Top of The data

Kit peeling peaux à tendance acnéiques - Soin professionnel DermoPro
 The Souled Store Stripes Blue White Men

Bottom of The data
Top of The data

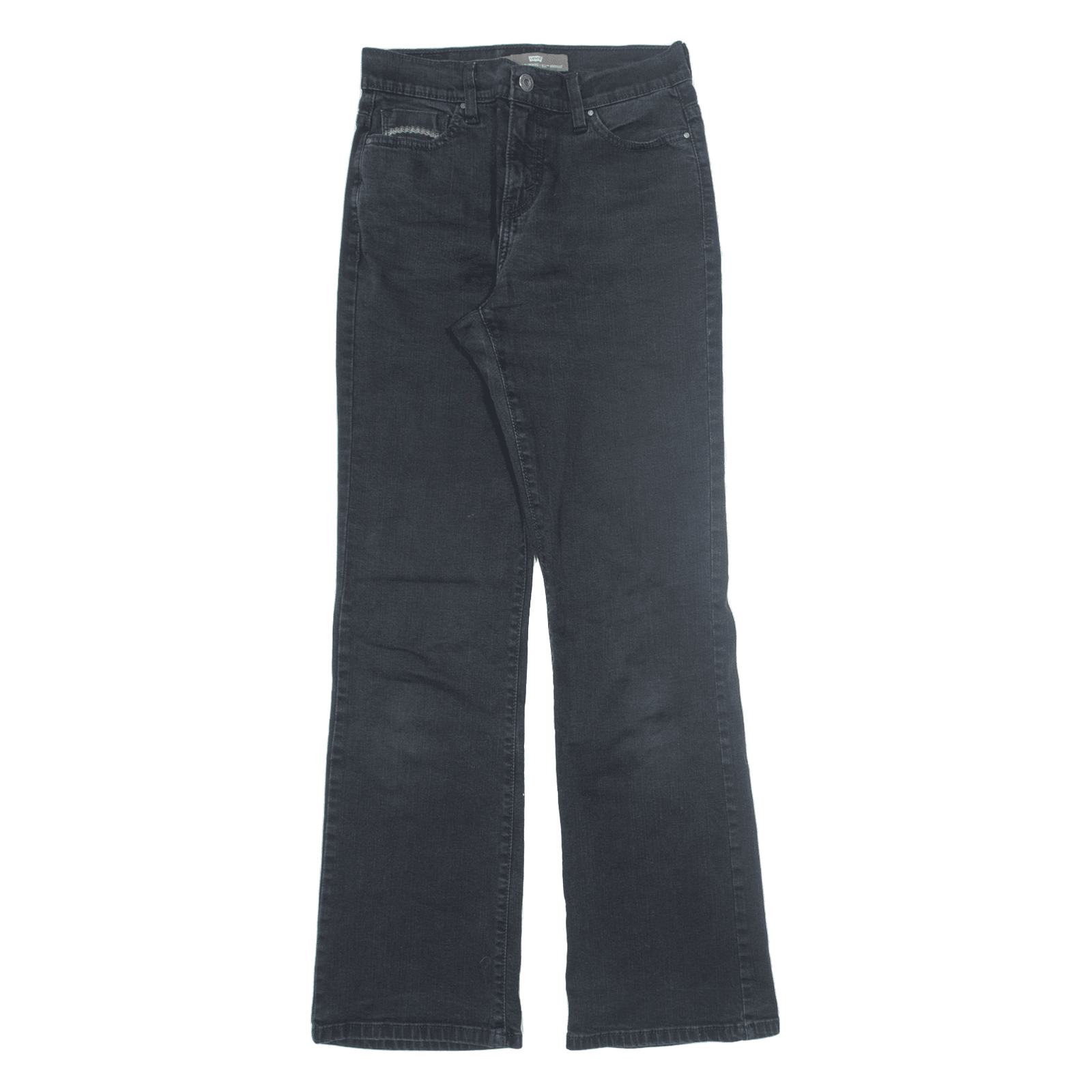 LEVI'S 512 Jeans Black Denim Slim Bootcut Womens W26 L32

Bottom of The data

Starting at the line with "Kit peeling peaux" and ending at the line with "The Souled Store Stripes Blue White Men", print each line of the listing above exactly, with no other lines.

Kit peeling peaux à tendance acnéiques - Soin professionnel DermoPro
 The Souled Store Stripes Blue White Men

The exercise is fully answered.